3. Symmetric Key Encryption

Posted Sep 19, 2023 Updated Feb 26, 2024

By Sungchan Yi

10 min read

CPA Security

Secret keys are hard to manage and it would be efficient if we could use the same key multiple times. So we need a stronger notion of security, that the adversary is given several ciphertexts under the same key but the scheme is still secure.

We strengthen the adversary’s power, and assume that the adversary can obtain encryptions of any plaintext. This attack model is called chosen plaintext attack (CPA).

This notion can be formalized as a security game. The difference here is that we must guarantee security for multiple encryptions.

Definition. For a given cipher $\mathcal{E} = (E, D)$ defined over $(\mathcal{K}, \mathcal{M}, \mathcal{C})$ and given an adversary $\mathcal{A}$, define experiments 0 and 1.
Experiment $b$.
The challenger fixes a key $k \leftarrow \mathcal{K}$.
The adversary submits a sequence of queries to the challenger:
The $i$-th query is a pair of messages $m_{i, 0}, m_{i, 1} \in \mathcal{M}$ of the same length.
The challenger computes $c_i = E(k, m_{i, b})$ and sends $c_i$ to the adversary.
The adversary computes and outputs a bit $b’ \in \left\lbrace 0, 1 \right\rbrace$.
Let $W_b$ be the event that $\mathcal{A}$ outputs $1$ in experiment $b$. Then the CPA advantage with respect to $\mathcal{E}$ is defined as
\[\mathrm{Adv}_{\mathrm{CPA}}[\mathcal{A}, \mathcal{E}] = \left\lvert \Pr[W_0] - \Pr[W_1] \right\lvert\]
If the CPA advantage is negligible for all efficient adversaries $\mathcal{A}$, then the cipher $\mathcal{E}$ is semantically secure against chosen plaintext attack, or simply CPA secure.

The above security game is indeed a chosen plaintext attack since if the attacker sends two identical messages $(m, m)$ as a query, it can surely obtain an encryption of $m$.

The assumption that the adversary can choose any message of its choice may seem too strong, but there are cases in the real world.

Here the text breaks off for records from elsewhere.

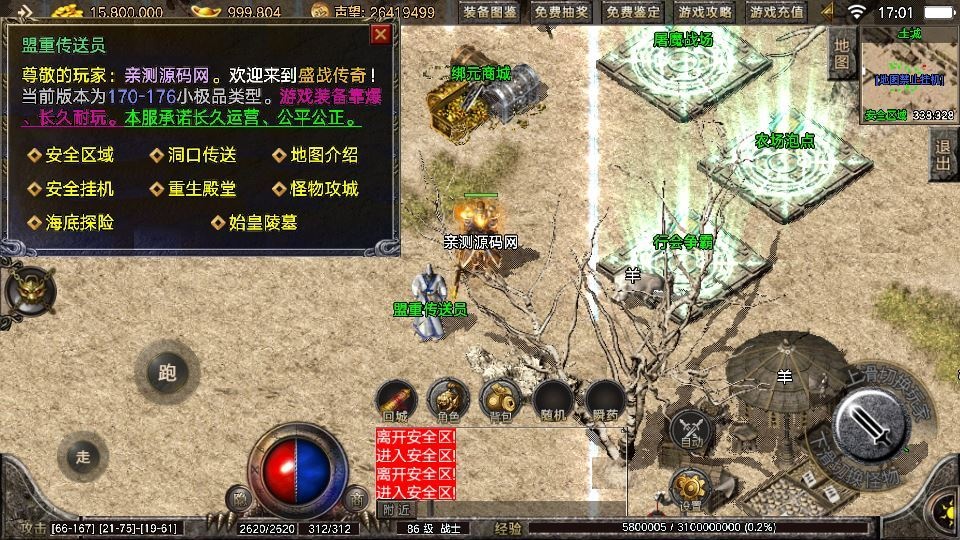 20260422183210586-下载 (12)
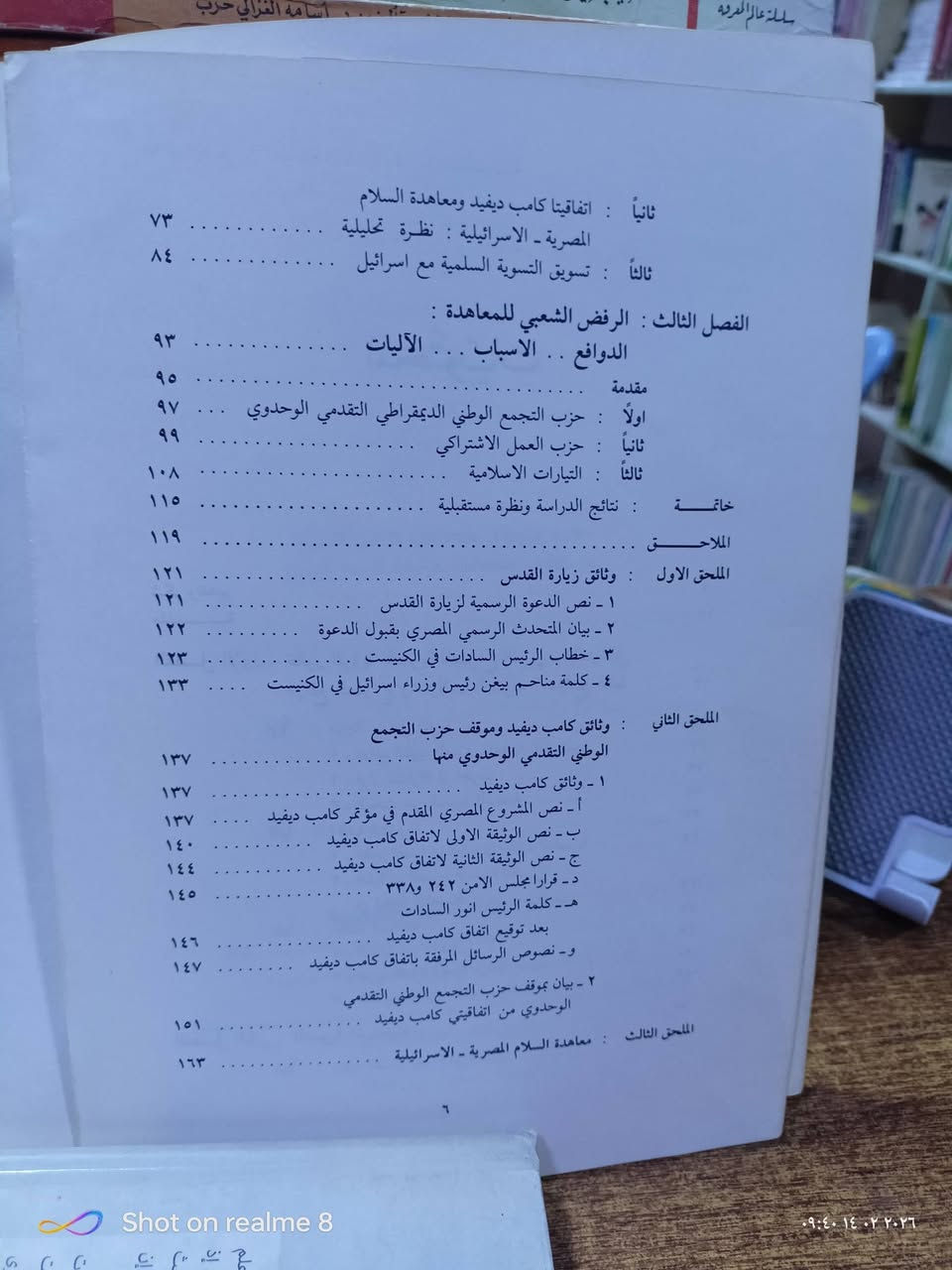 مصر والصراع العربي الإسرائيلي من الصراع المحتوم إلى التسوية المستحيلة/عدد الصفحات 256/مكتبة بشار الموصل المجموعة الثقافية السعر 5


**إذا كنت صاحب هذا الإعلان وتريد حذفه لأي سبب، رجاءا أرسل رسالة إلى الدعم الفني**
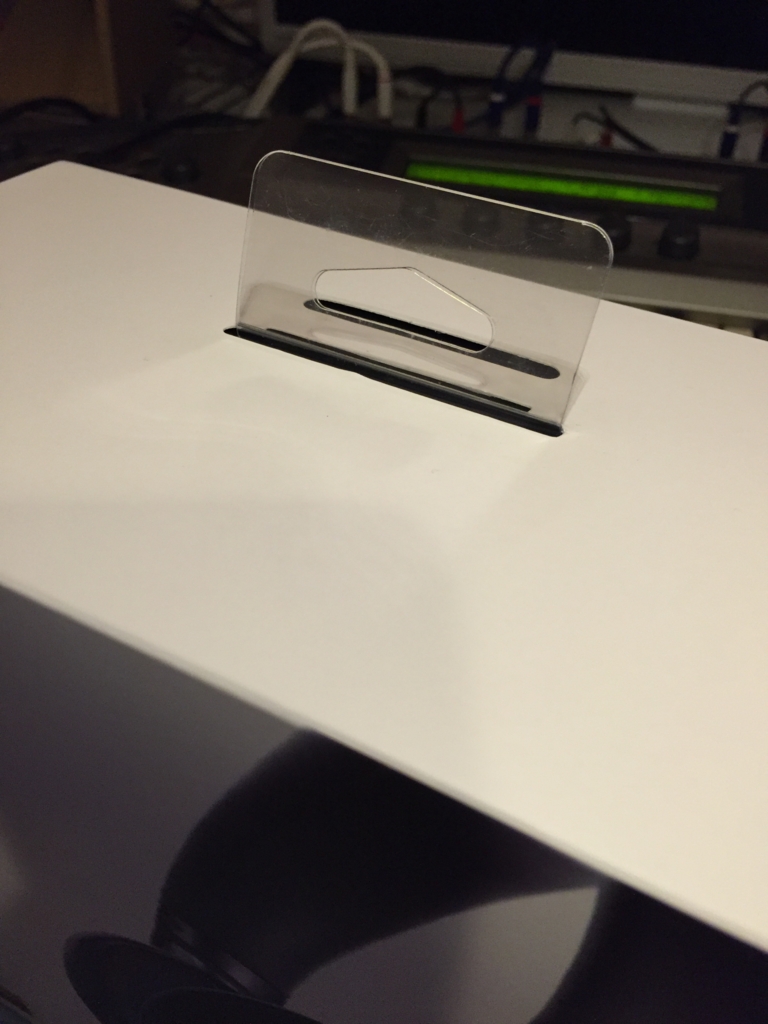 f:id:DJWarp:20151207051525j:plain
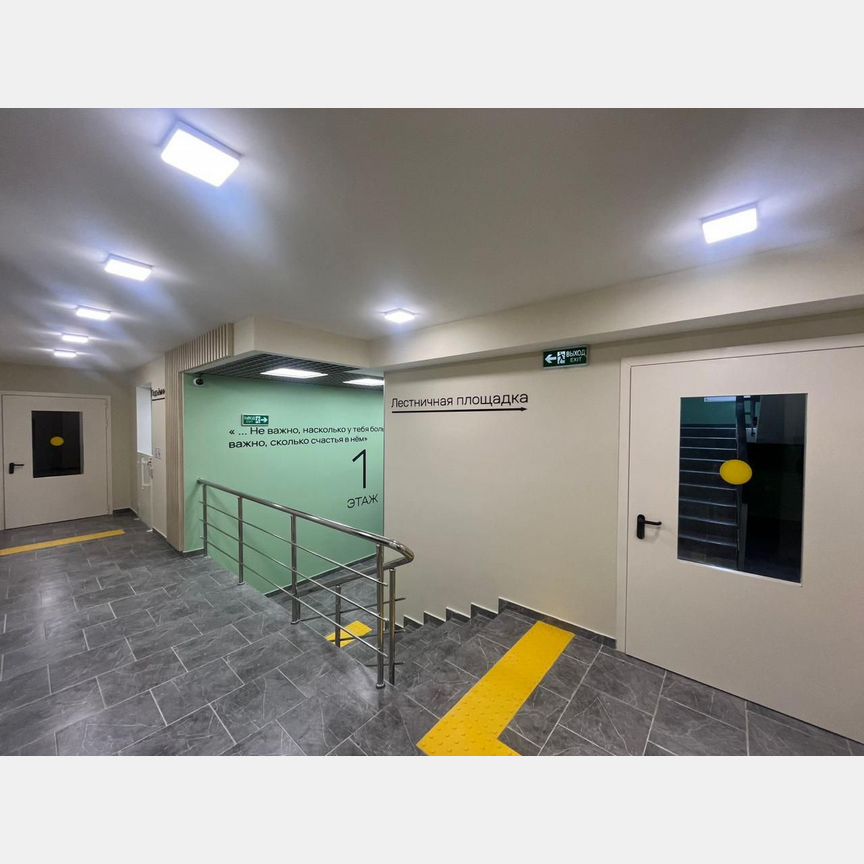 1-к. квартира, 35,4 м², 3/9 эт.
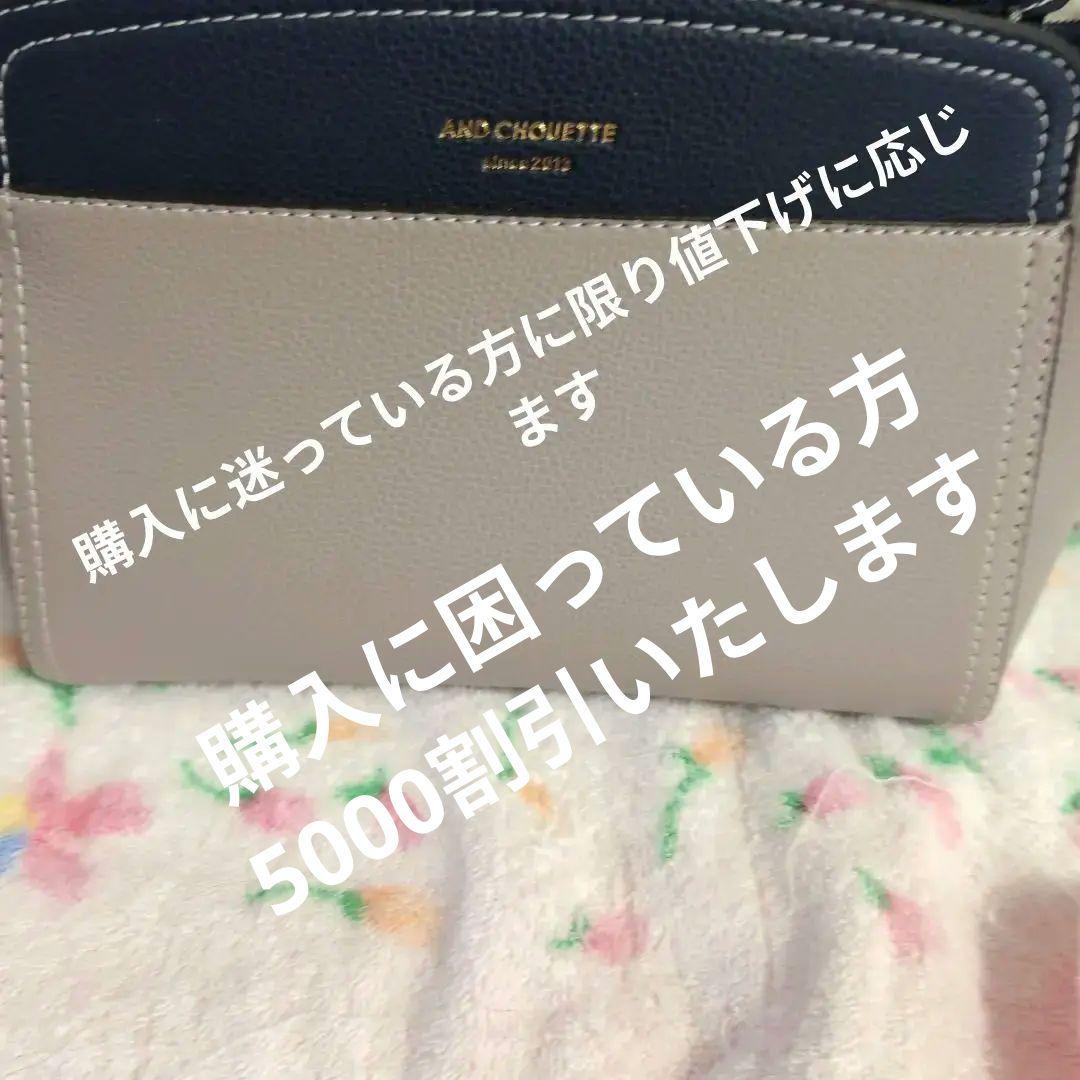 アンドシュエット ショルダーバッグ中古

Also, cryptographers use strong models to show proof of security even for strong attackers.

Deterministic Cipher is not CPA Secure

Suppose that $E$ is deterministic. Then we can construct an adversary that breaks CPA security. For example, the adversary can send $(m_0, m_1)$ and $(m_0, m_2)$. Then if $b = 0$, the received ciphertext would be same, so the adversary can output $0$ and win the CPA security game.

Therefore, for indistinguishability under chosen plaintext attack (IND-CPA), encryption must produce different outputs even for the same plaintext.

Another corollary is that PRPs are deterministic, so PRPs are not CPA secure.

Nonce-based Encryption

Since deterministic cipher is not CPA secure, we need non-deterministic encryption. There are two ways to construct such encryptions.

In probabilistic (randomized) encryption, encrypting the same message twice gives difference ciphertexts with high probability.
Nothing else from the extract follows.